By the Commonwealth becoming responsible to the State for its liability for principal and interest in respect of such a part of the public debt of the State as is the actuarial equivalent of a 3 per cent, loan of the same currency and of the amount of such compensation.
That is not a fair price ; that is not an indemnity. It is not only unjust, but it is illegal ; it is against the very spirit of the Constitution Act. I sincerely hope that the committee will agree to the clause precisely in its present form.

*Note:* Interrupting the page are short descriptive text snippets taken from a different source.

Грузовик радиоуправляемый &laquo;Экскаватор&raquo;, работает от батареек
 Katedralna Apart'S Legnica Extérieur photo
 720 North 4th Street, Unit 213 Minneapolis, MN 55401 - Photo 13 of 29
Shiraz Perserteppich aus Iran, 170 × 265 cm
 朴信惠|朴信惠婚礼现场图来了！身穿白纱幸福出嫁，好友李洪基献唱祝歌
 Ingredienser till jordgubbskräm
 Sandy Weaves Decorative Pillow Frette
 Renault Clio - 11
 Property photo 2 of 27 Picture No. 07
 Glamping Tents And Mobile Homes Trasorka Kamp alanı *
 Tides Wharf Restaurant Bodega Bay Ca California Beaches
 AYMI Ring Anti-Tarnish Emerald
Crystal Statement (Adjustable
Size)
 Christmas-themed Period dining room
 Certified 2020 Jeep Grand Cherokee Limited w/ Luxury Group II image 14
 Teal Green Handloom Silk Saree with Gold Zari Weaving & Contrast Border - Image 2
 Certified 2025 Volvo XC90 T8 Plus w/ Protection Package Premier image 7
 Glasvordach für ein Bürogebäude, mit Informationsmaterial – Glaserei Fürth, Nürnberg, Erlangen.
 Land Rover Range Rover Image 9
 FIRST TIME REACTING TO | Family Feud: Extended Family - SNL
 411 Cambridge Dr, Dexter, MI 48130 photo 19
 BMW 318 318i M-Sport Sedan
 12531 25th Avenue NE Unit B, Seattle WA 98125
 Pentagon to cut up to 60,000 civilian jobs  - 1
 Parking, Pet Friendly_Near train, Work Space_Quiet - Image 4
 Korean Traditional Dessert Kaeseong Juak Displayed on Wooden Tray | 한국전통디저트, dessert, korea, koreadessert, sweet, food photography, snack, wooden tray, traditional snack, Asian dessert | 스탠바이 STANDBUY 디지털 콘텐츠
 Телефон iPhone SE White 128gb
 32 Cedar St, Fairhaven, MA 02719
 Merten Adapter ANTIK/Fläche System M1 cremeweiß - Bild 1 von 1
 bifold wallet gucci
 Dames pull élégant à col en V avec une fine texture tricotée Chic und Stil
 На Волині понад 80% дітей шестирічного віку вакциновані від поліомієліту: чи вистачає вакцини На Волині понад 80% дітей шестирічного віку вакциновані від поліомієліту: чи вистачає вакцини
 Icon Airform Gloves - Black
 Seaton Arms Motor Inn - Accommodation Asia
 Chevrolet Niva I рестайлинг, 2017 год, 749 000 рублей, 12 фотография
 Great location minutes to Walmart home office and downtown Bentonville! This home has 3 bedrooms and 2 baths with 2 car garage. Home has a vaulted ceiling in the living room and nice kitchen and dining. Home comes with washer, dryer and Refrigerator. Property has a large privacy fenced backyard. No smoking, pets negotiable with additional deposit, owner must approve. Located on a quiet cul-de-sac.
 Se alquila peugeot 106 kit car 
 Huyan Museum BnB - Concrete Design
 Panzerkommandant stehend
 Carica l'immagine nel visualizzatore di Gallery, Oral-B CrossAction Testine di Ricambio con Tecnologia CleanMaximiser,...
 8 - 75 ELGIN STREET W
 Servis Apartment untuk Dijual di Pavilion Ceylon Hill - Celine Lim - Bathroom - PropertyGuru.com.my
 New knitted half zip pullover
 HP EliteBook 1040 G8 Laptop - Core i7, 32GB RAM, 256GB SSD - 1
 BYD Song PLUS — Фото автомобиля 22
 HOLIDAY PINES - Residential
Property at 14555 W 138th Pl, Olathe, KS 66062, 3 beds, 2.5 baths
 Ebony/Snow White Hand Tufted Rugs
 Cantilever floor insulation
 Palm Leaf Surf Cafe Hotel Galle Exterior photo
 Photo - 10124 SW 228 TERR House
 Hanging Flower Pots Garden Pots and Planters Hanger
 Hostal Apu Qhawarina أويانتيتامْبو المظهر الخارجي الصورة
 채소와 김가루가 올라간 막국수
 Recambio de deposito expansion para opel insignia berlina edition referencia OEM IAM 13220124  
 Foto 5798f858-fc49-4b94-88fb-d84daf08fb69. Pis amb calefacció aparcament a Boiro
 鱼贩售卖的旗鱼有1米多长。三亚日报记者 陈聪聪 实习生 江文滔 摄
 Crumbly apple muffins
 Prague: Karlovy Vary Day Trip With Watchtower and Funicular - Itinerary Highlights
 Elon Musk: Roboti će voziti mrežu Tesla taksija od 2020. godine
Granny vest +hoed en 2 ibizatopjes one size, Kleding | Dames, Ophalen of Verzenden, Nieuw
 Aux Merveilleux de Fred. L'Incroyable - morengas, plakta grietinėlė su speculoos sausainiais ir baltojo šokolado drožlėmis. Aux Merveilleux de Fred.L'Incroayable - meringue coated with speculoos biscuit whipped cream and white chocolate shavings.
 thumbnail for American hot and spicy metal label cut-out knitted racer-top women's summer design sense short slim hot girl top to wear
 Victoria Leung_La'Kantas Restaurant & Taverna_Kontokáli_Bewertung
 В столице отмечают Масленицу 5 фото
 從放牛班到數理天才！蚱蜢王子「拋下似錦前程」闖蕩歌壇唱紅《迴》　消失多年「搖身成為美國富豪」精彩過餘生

– Senator Downer, I think, stated that the transferred properties had been purchased or built out of loan money.
– Most of them.
– That may apply to other States, but it does not apply to Victoria.
– It certainly applies to Queensland.
– The only loan money which has been paid on account of the properties taken over from Victoria is £100,000 in connexion with the Cerberus. Every building which was taken over- was built entirely out of revenue.
– Were all the post-offices paid for out of revenue ?
– Yes; the only public buildings which have been paid for to any extent out of loan money have been public schools. At the present time the States have large expenditures from revenue or loan account, invested in what are practically dead assets, which do not bring in a cent of rent, and which the Commonwealth proposes to take over.
– What sort of things ?
– The post-offices and other properties.
– The honorable member calls a fort a dead asset.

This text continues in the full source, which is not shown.